7

The "old" SparkContext.hadoopFile takes a minPartitions argument, which is a hint for the number of partitions:

def hadoopFile[K, V](
  path: String,
  inputFormatClass: Class[_ <: InputFormat[K, V]],
  keyClass: Class[K],
  valueClass: Class[V],
  minPartitions: Int = defaultMinPartitions
  ): RDD[(K, V)]

But there is no such argument on SparkContext.newAPIHadoopFile:

def newAPIHadoopFile[K, V, F <: NewInputFormat[K, V]](
  path: String,
  fClass: Class[F],
  kClass: Class[K],
  vClass: Class[V],
  conf: Configuration = hadoopConfiguration): RDD[(K, V)]

In fact mapred.InputFormat.getSplits takes a hint argument, but mapreduce.InputFormat.getSplits takes a JobContext. What is the way to influence the number of splits through the new API?

I have tried setting mapreduce.input.fileinputformat.split.maxsize and fs.s3n.block.size on the Configuration object, but they had no effect.
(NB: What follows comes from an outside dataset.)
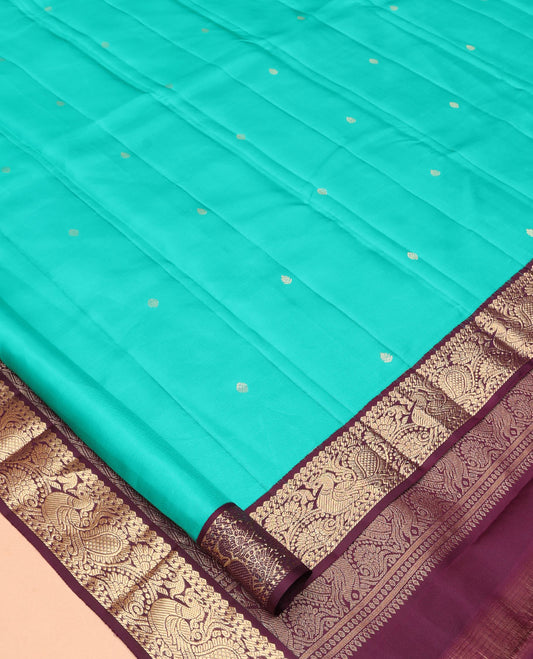 Blue Vasundhara Silk Saree, Adorned with Zari Buttas, a Contrast Korvai Border of Thilakam, Banaras, and Mayil Designs, Richly Woven Pallu, and a Contrast Blouse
I am trying to load a 4.5 GB file from s3n, and it gets loaded in a single task.

https://issues.apache.org/jira/browse/HADOOP-5861 is relevant, but it suggests that I should already see more than one split, since the default block size is 64 MB.

Jacek Laskowski
  • 72,696
  • 27
  • 242
  • 420
Daniel Darabos
  • 26,991
  • 10
  • 102
  • 114
  • 2
    what about `"mapred.min.split.size"`, I would imagine the new api would still respect that if they didn't give a new way – aaronman Aug 22 '14 at 14:19

1 Answers1

7

The function newApiHadoopFile allows you to pass a configuration object so in that you can set mapred.max.split.size.

Even though this is in the mapred namespace since there is seemingly no new option I would imagine the new API will respect the variable.

Jacek Laskowski
  • 72,696
  • 27
  • 242
  • 420
aaronman
  • 18,343
  • 7
  • 63
  • 78